> _Required action_:
Images do not belong in the copy. Set down all the entries exactly.

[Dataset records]
########

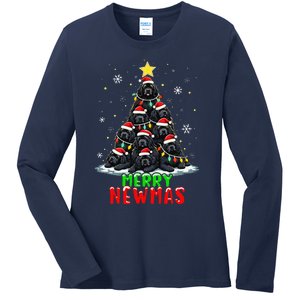 Merry Newmas Newfoundland Christmas Tree Dog Lovers Holiday Ladies Long Sleeve Shirt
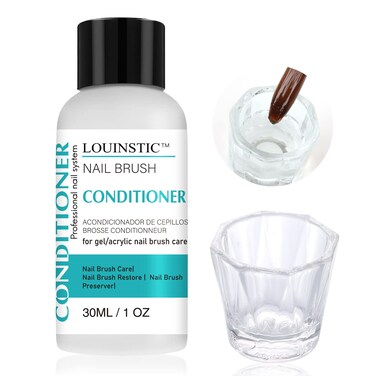 LOUINSTIC Nail Brush Cleaner and Conditioner - Quickly Clean Gel Nail Brushes, Paint Brushes, Airbrushes, Art Tools, Nail Brush Preserver and Restorer for Kolinsky Acrylic Nail Brush &amp; Gel Nail Brush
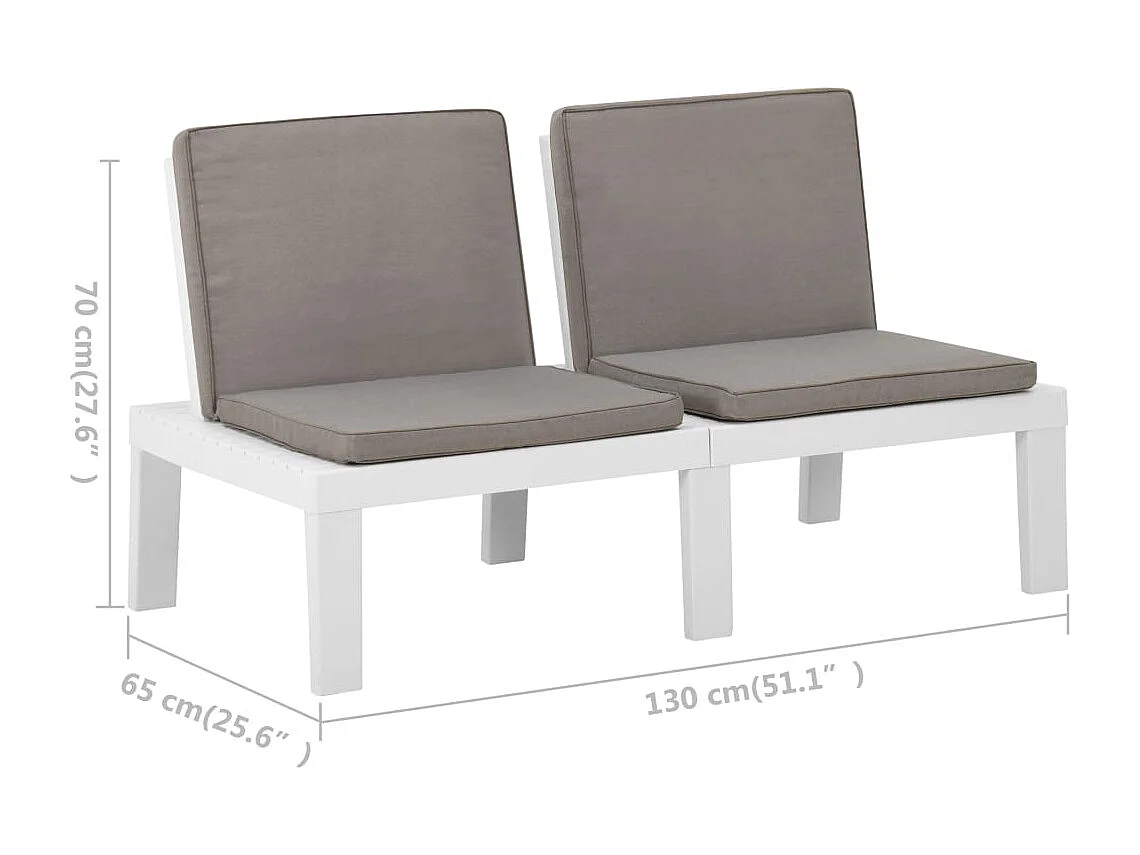 Muebles de jardín muebles de exterior Juego de muebles de 2 piezas con cojines de plástico blanco 02_0015899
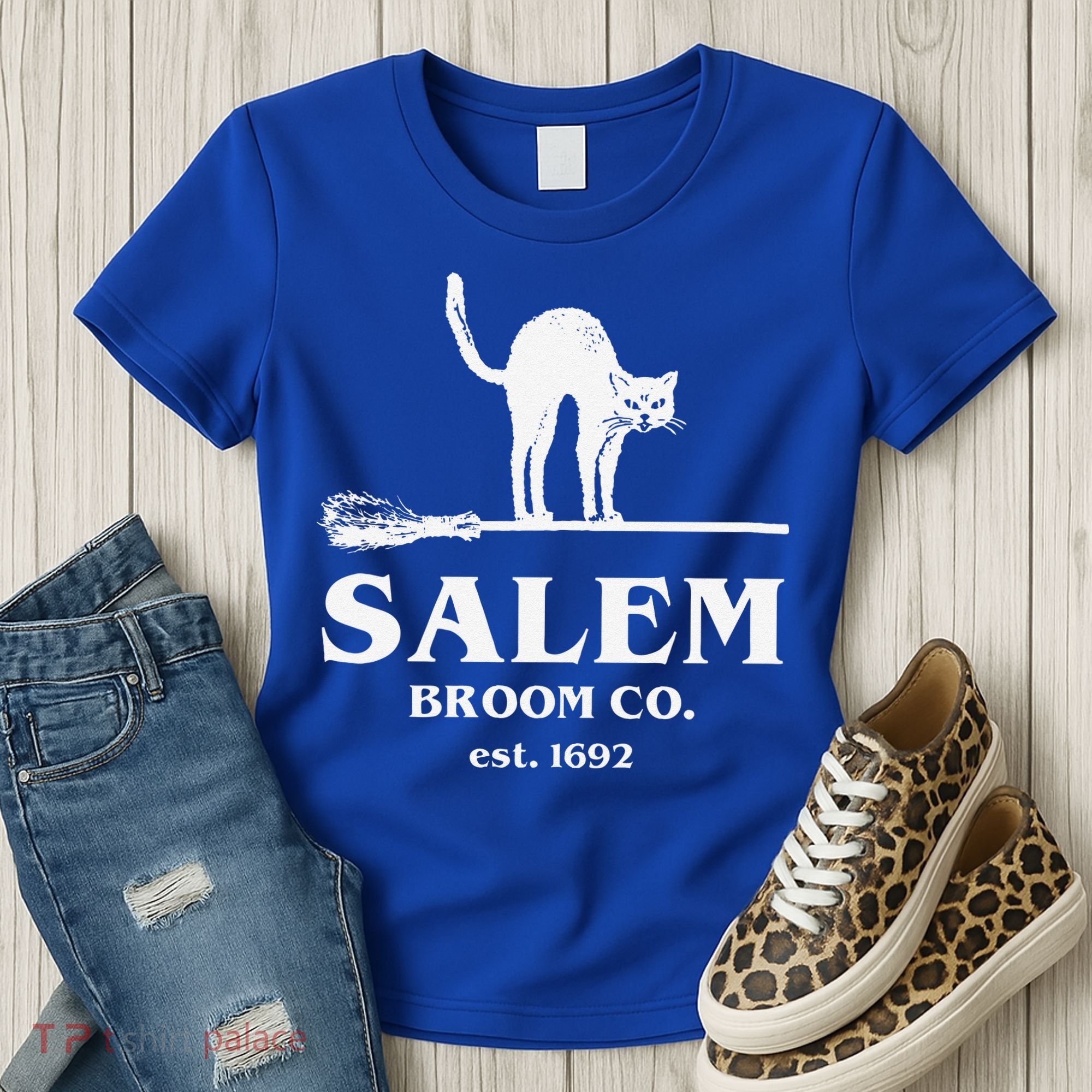 Salem Broom Co Company Halloween Black Cat Witch And Broom Women's T-Shirt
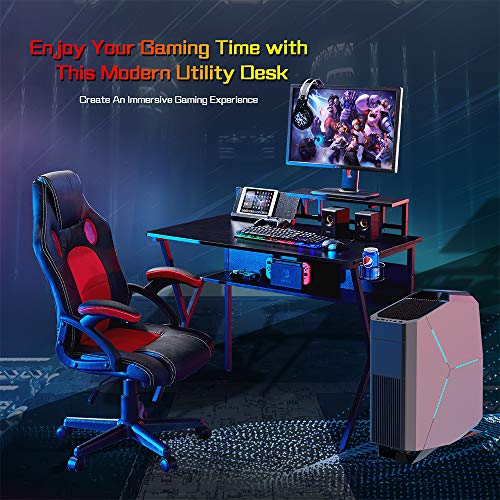 Homesailing Modern Computer PC Desk Table Black with Hutch and Storage Shelf Cup Holder, Office Workstation Student Gaming Writing Study Desk for Home Furniture 41”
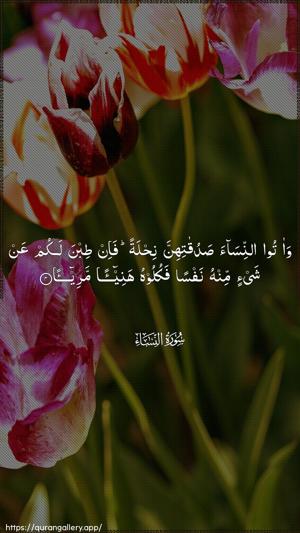 An-Nisaa Ayah 4 - Arabic wallpaper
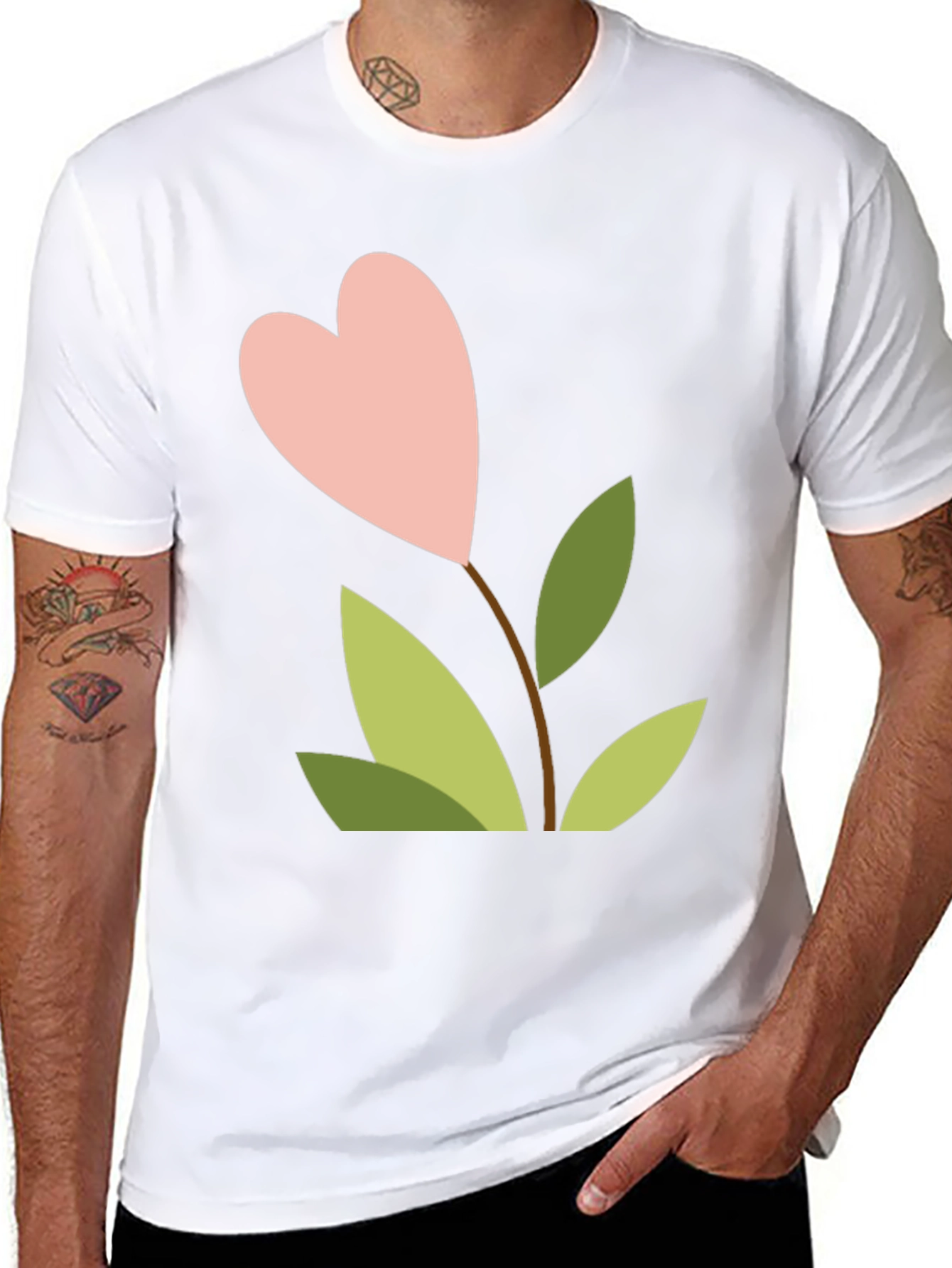 Heart Flower Graphic Tee - Black Cotton Shirt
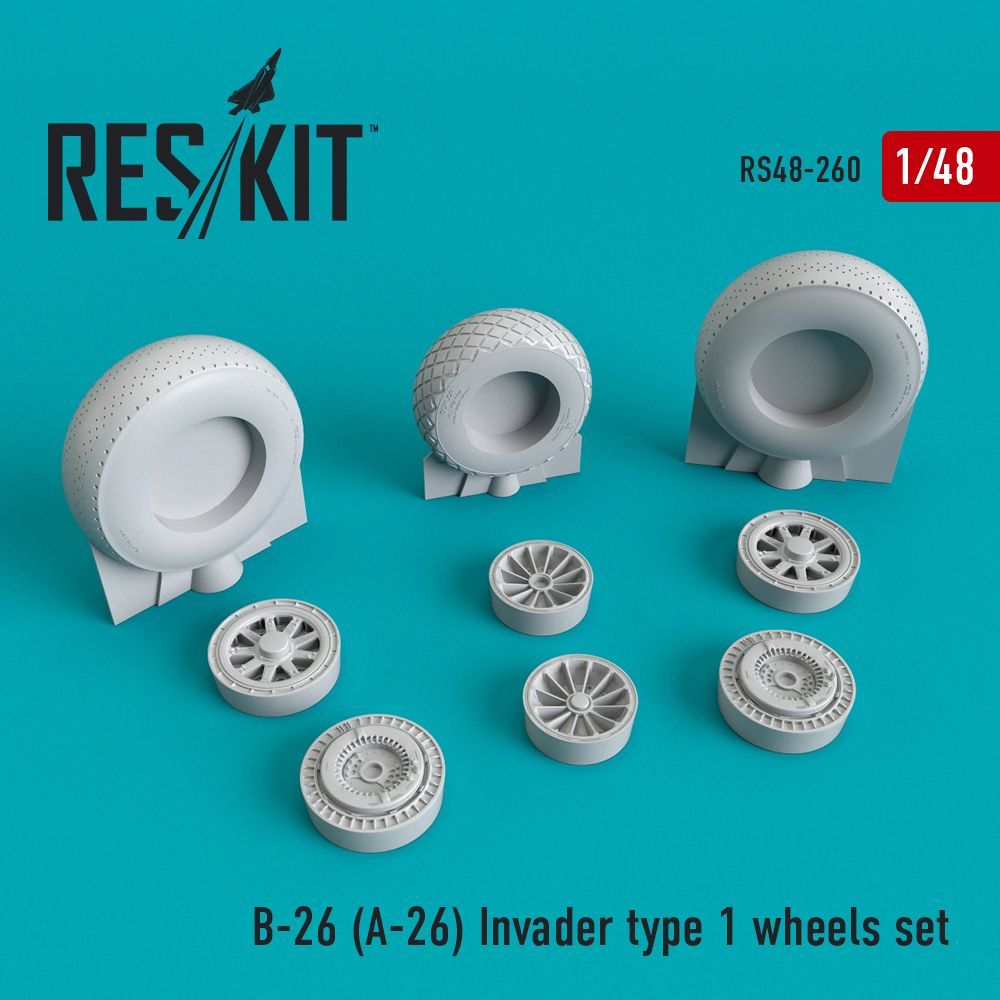 1:48 Douglas B-26 (A-26) Invader type 1 wheels set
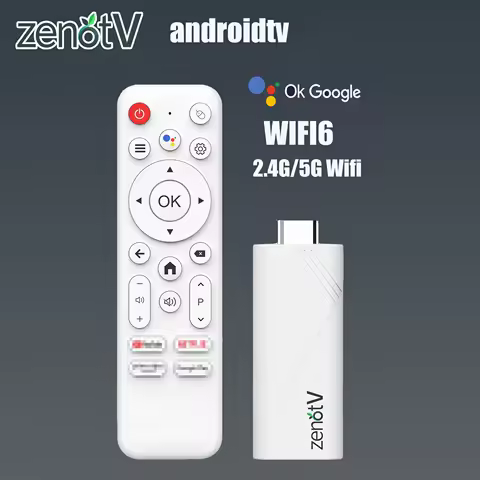 ZENOTV Android TV Stick Allwinner H313 Quad Core 4K Video Wifi6 BT Voice Assistant Remote Media Player Smart TV Box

########

> _Output_:
 Merry Newmas Newfoundland Christmas Tree Dog Lovers Holiday Ladies Long Sleeve Shirt
 LOUINSTIC Nail Brush Cleaner and Conditioner - Quickly Clean Gel Nail Brushes, Paint Brushes, Airbrushes, Art Tools, Nail Brush Preserver and Restorer for Kolinsky Acrylic Nail Brush &amp; Gel Nail Brush
 Muebles de jardín muebles de exterior Juego de muebles de 2 piezas con cojines de plástico blanco 02_0015899
 Salem Broom Co Company Halloween Black Cat Witch And Broom Women's T-Shirt
 Homesailing Modern Computer PC Desk Table Black with Hutch and Storage Shelf Cup Holder, Office Workstation Student Gaming Writing Study Desk for Home Furniture 41”
 An-Nisaa Ayah 4 - Arabic wallpaper
 Heart Flower Graphic Tee - Black Cotton Shirt
 1:48 Douglas B-26 (A-26) Invader type 1 wheels set
 ZENOTV Android TV Stick Allwinner H313 Quad Core 4K Video Wifi6 BT Voice Assistant Remote Media Player Smart TV Box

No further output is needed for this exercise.